Case Study: CMS Cameron McKenna

CMS Cameron McKenna has produced a report highlighting how it treats its staff to boost graduate recruitment and satisfy clients.

The law firm, which has over 1,000 employees in the UK, collated information regarding absence figures, reward strategies and recruitment statistics.

Head of HR, David Leech, says: “Even though we’re not a publicly-listed company, it is valuable to communicate the way we manage our people, especially to our clients.”

The report shows, for example, that the firm was able to reduce sickness absence among its legal secretaries from 14 days in 1999 to 6 days in 2004 as a result of a number of healthcare benefits that were introduced. “We’d never collated this information in one document so the more open we are, the more likely we are to manage [absence],” says Leech.
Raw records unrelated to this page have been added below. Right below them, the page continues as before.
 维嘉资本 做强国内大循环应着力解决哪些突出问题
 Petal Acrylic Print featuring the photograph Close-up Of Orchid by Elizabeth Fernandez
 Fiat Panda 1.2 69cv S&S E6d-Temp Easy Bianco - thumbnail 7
And CMS Cameron McKenna has been able to show that this has a direct impact on its ability to recruit top talent too. “We’ve found that over the years that potential recruits are very interested in this sort of stuff; they’re increasingly interested in how they’re going to be treated as human beings.”
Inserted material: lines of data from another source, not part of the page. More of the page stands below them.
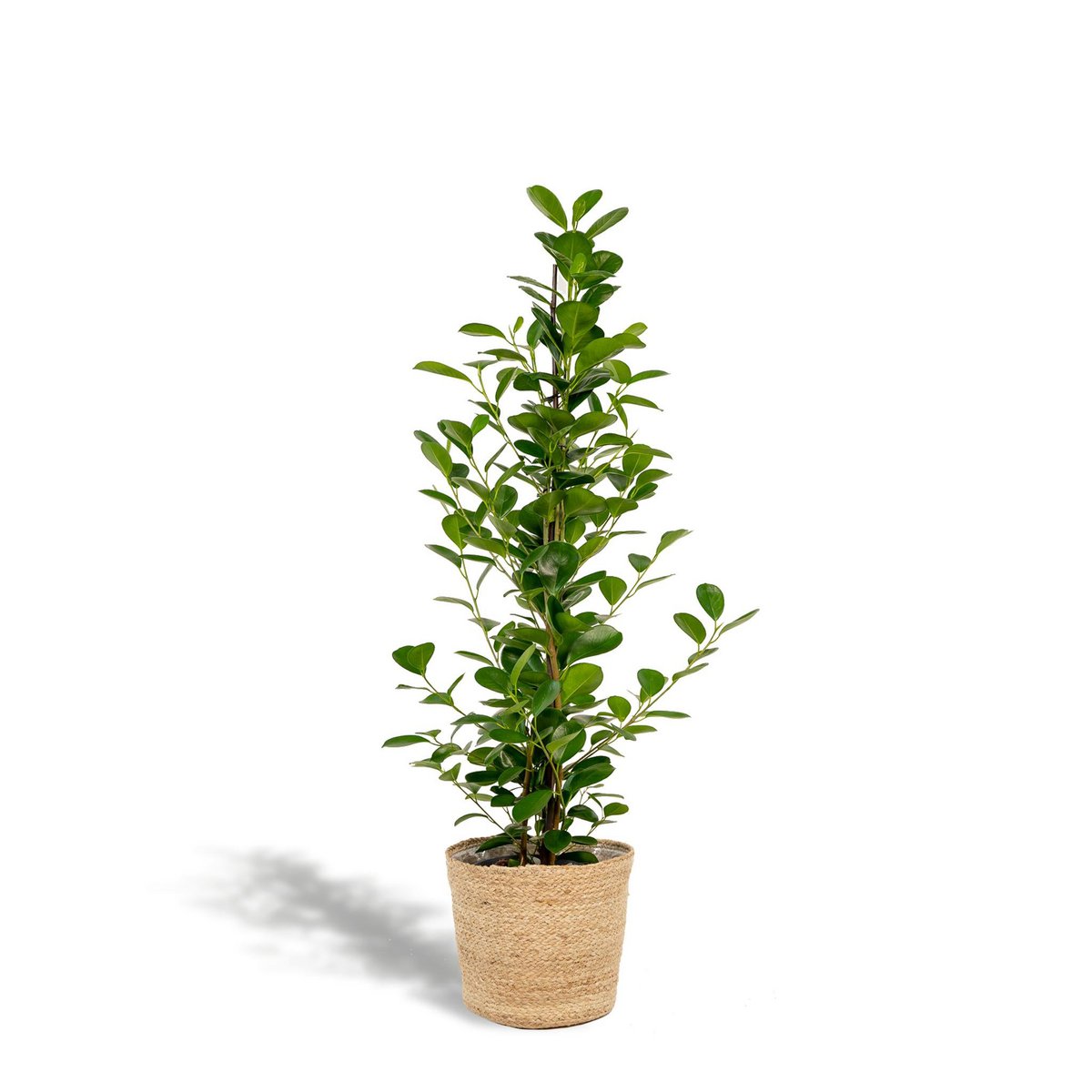 Ficus microcarpa moclame 95cm Ø21cm met mand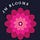 JM Blooms | Thrillers, Nature, Curiosity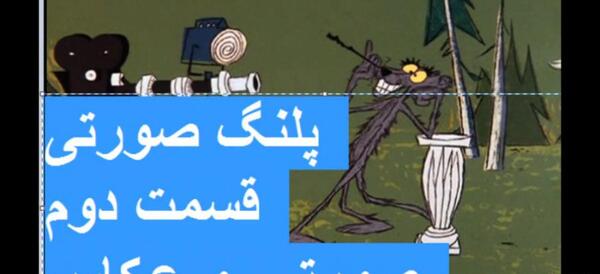 عکس اسب پلنگ صورتی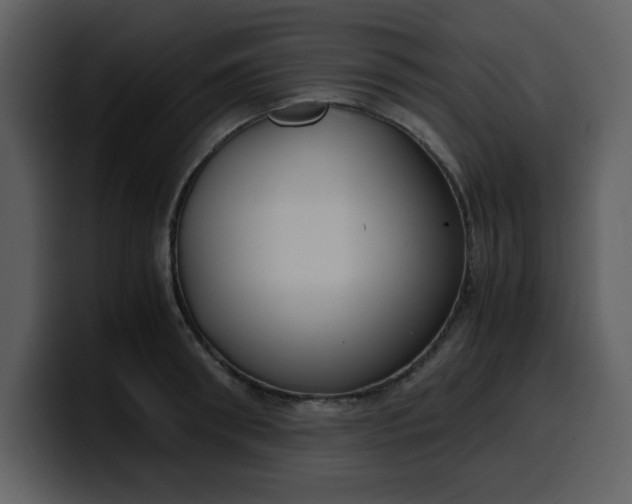 X0000100340898200806191022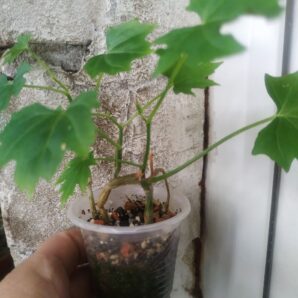 Cissus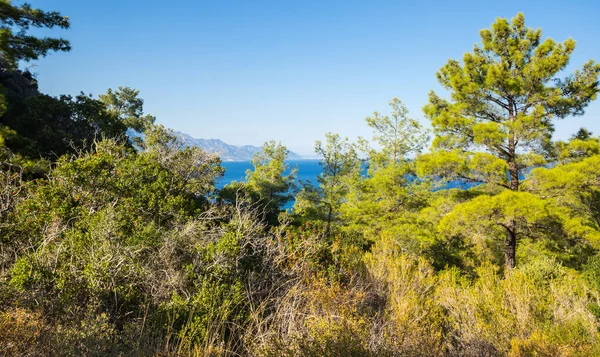 Die Mittelmeerküste Kemer Badeort Und Bezirk Der Provinz Antalya Der — Stockfoto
The report highlights that staff particularly value the firm’s on-site physiotherapist.

Case Study: West Bromwich Building Society

West Bromwich Building Society is happy to publicise the way it treats its people.

Paul Turner, general manager (people), says that it is often smaller measures that staff appreciate the most. “Our people measures are something that we would shout about because we want to build our brand and we want great people to come and work for us. It’s these little things that help such as the home computing initiative, where if somebody’s buying a computer they can make a tax-efficient saving.”

He believes human capital management will take off as a result of the recent legislative changes. “We have a set of guidelines that have put human capital management or people measures on the corporate agenda in what is a traditionally financial arena.

“This will put more credence and heavyweight research around this employee engagement and customer satisfaction link. People are going to start picking their companies by employee engagement issues, just like picking a horse.”

The building society, which employs around 1,000 staff, currently offers employees benefits such as discounted mortgages and insurance deals, free financial and legal advice, and a discounted travel scheme.